Task objective | Every record here needs to be written out again exactly.

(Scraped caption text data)
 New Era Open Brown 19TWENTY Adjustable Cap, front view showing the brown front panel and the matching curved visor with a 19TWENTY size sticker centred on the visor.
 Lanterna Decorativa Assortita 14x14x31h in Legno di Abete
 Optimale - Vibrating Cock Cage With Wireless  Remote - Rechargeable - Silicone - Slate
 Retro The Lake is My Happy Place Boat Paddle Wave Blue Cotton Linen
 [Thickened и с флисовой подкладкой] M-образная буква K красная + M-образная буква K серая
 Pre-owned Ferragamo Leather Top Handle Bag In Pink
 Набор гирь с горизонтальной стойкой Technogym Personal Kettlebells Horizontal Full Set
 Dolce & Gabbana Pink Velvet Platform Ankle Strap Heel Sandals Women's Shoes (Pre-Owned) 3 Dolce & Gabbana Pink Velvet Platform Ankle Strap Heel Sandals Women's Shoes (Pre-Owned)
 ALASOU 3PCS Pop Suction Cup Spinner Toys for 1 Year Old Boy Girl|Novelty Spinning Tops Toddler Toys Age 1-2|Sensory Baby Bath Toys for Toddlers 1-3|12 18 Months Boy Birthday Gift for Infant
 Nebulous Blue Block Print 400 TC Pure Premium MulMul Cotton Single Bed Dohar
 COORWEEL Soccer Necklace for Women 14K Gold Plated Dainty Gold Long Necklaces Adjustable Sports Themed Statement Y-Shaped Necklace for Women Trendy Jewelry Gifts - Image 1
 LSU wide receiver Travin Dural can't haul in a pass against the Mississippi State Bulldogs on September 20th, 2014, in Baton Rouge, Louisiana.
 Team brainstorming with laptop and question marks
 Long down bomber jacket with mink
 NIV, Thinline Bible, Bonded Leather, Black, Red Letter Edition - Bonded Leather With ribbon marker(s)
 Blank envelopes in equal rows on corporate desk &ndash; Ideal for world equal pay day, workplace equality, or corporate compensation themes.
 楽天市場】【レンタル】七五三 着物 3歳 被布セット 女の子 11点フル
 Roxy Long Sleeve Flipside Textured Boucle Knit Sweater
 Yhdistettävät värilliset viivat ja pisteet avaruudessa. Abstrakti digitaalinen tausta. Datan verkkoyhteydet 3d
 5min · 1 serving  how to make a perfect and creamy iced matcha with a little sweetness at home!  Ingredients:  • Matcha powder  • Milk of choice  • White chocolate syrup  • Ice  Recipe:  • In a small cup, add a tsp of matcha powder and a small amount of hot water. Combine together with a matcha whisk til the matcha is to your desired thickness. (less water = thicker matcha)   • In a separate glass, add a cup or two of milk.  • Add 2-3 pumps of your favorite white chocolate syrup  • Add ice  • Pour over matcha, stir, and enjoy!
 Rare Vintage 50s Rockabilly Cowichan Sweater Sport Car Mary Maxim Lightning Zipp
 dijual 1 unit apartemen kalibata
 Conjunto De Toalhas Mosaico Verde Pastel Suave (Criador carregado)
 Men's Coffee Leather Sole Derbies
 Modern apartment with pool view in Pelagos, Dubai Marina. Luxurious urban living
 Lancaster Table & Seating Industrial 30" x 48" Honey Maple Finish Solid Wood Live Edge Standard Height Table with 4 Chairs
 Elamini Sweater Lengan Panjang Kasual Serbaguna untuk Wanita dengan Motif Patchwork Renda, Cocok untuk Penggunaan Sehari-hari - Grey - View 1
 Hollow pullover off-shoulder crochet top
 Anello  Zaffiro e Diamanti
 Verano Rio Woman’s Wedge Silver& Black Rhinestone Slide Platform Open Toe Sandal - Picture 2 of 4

Answer to this task |
 New Era Open Brown 19TWENTY Adjustable Cap, front view showing the brown front panel and the matching curved visor with a 19TWENTY size sticker centred on the visor.
 Lanterna Decorativa Assortita 14x14x31h in Legno di Abete
 Optimale - Vibrating Cock Cage With Wireless  Remote - Rechargeable - Silicone - Slate
 Retro The Lake is My Happy Place Boat Paddle Wave Blue Cotton Linen
 [Thickened и с флисовой подкладкой] M-образная буква K красная + M-образная буква K серая
 Pre-owned Ferragamo Leather Top Handle Bag In Pink
 Набор гирь с горизонтальной стойкой Technogym Personal Kettlebells Horizontal Full Set
 Dolce & Gabbana Pink Velvet Platform Ankle Strap Heel Sandals Women's Shoes (Pre-Owned) 3 Dolce & Gabbana Pink Velvet Platform Ankle Strap Heel Sandals Women's Shoes (Pre-Owned)
 ALASOU 3PCS Pop Suction Cup Spinner Toys for 1 Year Old Boy Girl|Novelty Spinning Tops Toddler Toys Age 1-2|Sensory Baby Bath Toys for Toddlers 1-3|12 18 Months Boy Birthday Gift for Infant
 Nebulous Blue Block Print 400 TC Pure Premium MulMul Cotton Single Bed Dohar
 COORWEEL Soccer Necklace for Women 14K Gold Plated Dainty Gold Long Necklaces Adjustable Sports Themed Statement Y-Shaped Necklace for Women Trendy Jewelry Gifts - Image 1
 LSU wide receiver Travin Dural can't haul in a pass against the Mississippi State Bulldogs on September 20th, 2014, in Baton Rouge, Louisiana.
 Team brainstorming with laptop and question marks
 Long down bomber jacket with mink
 NIV, Thinline Bible, Bonded Leather, Black, Red Letter Edition - Bonded Leather With ribbon marker(s)
 Blank envelopes in equal rows on corporate desk &ndash; Ideal for world equal pay day, workplace equality, or corporate compensation themes.
 楽天市場】【レンタル】七五三 着物 3歳 被布セット 女の子 11点フル
 Roxy Long Sleeve Flipside Textured Boucle Knit Sweater
 Yhdistettävät värilliset viivat ja pisteet avaruudessa. Abstrakti digitaalinen tausta. Datan verkkoyhteydet 3d
 5min · 1 serving  how to make a perfect and creamy iced matcha with a little sweetness at home!  Ingredients:  • Matcha powder  • Milk of choice  • White chocolate syrup  • Ice  Recipe:  • In a small cup, add a tsp of matcha powder and a small amount of hot water. Combine together with a matcha whisk til the matcha is to your desired thickness. (less water = thicker matcha)   • In a separate glass, add a cup or two of milk.  • Add 2-3 pumps of your favorite white chocolate syrup  • Add ice  • Pour over matcha, stir, and enjoy!
 Rare Vintage 50s Rockabilly Cowichan Sweater Sport Car Mary Maxim Lightning Zipp
 dijual 1 unit apartemen kalibata
 Conjunto De Toalhas Mosaico Verde Pastel Suave (Criador carregado)
 Men's Coffee Leather Sole Derbies
 Modern apartment with pool view in Pelagos, Dubai Marina. Luxurious urban living
 Lancaster Table & Seating Industrial 30" x 48" Honey Maple Finish Solid Wood Live Edge Standard Height Table with 4 Chairs
 Elamini Sweater Lengan Panjang Kasual Serbaguna untuk Wanita dengan Motif Patchwork Renda, Cocok untuk Penggunaan Sehari-hari - Grey - View 1
 Hollow pullover off-shoulder crochet top
 Anello  Zaffiro e Diamanti
 Verano Rio Woman’s Wedge Silver& Black Rhinestone Slide Platform Open Toe Sandal - Picture 2 of 4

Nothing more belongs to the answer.